The New York Code of Professional Responsibility makes it clear that attorneys in law firms or corporate or government law offices who have “direct supervisory authority over another lawyer” must “make reasonable efforts to ensure that the other lawyer conforms to the disciplinary rules.” DR 1-104(B). Indeed, this supervisory responsibility applies not just to a particular lawyer, but also to the law firm itself. [See DR 1-104(C), “A law firm shall adequately supervise, as appropriate, the work of partners, associates and non-lawyers who work at the firm.”] Supervisory attorneys are responsible for violations of the Disciplinary Rules by another lawyer if “[t]he lawyer is a partner in the law firm in which the other lawyer practices… or has supervisory authority over the other lawyer,” and either knew or should have known of the misconduct. [DR 1-104(D)(2) (emphasis added).]

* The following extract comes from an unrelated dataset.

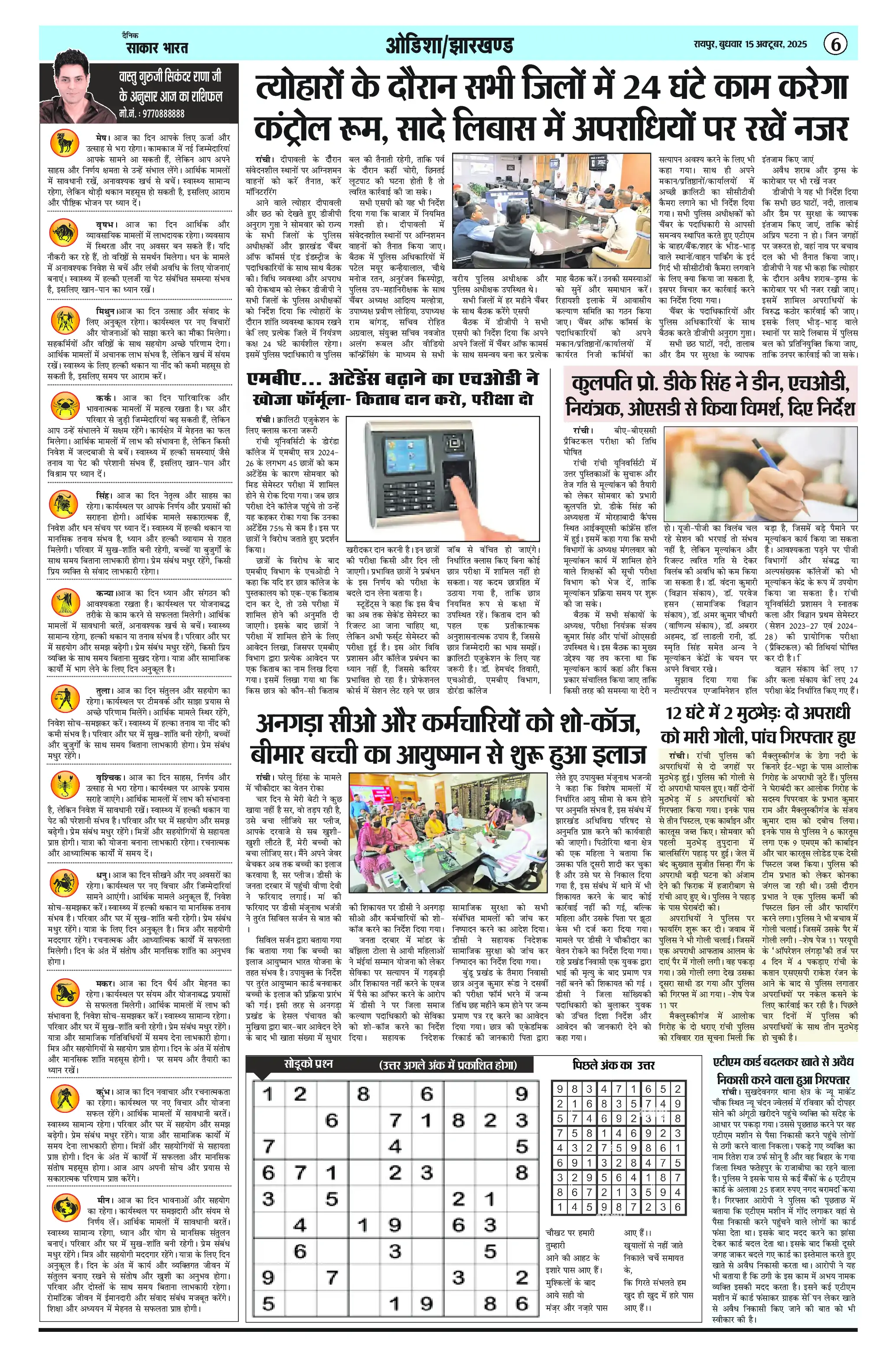 Page 6 — Sakar Bharat ePaper (October 15, 2025)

While partners in law firms clearly have supervisory responsibility over firm associates and subordinate partners, the application of the supervisory rules gets mighty fuzzy after that. What about lawyers who are “of counsel” to a firm? Lawyers based in New York who supervise attorneys in other jurisdictions, covered by other ethics codes? Attorneys whom a firm hires on a contract basis, either to perform an assignment or cover a court appearance? Attorneys who enter into mutual referral arrangements with each other? And what of firms that are “of counsel” to each other, or have looser forms of affiliation? Research reveals few clear answers to these questions, though several Bar Association opinions, including recent opinions in New York, Oregon and California, provide important guideposts.

Lawyers ‘Of Counsel’ to Law Firm

Defining the lines of supervisory authority over attorneys designated as “of counsel” to a firm is not easy. One reason is that the roles and financial relationships of those bearing the title “of counsel” vary widely, from younger lawyers renting space and splitting fees with the parent firm, to passed over associates working under written contracts, to aging firm founders transitioning into retirement. [See ABA Formal Op. 90-357 (1990), listing these and others as common “of counsel” relationships.] Under the New York Code, “a lawyer… may be designated ‘Of Counsel’ on a letterhead if there is a continuing relationship with a lawyer or law firm, other than as a partner and associate.” [DR 2-102 (A)(4); see also, N.Y. City 1995-8, “of counsel” designation requires “a close, continuing, regular and personal relationship.”]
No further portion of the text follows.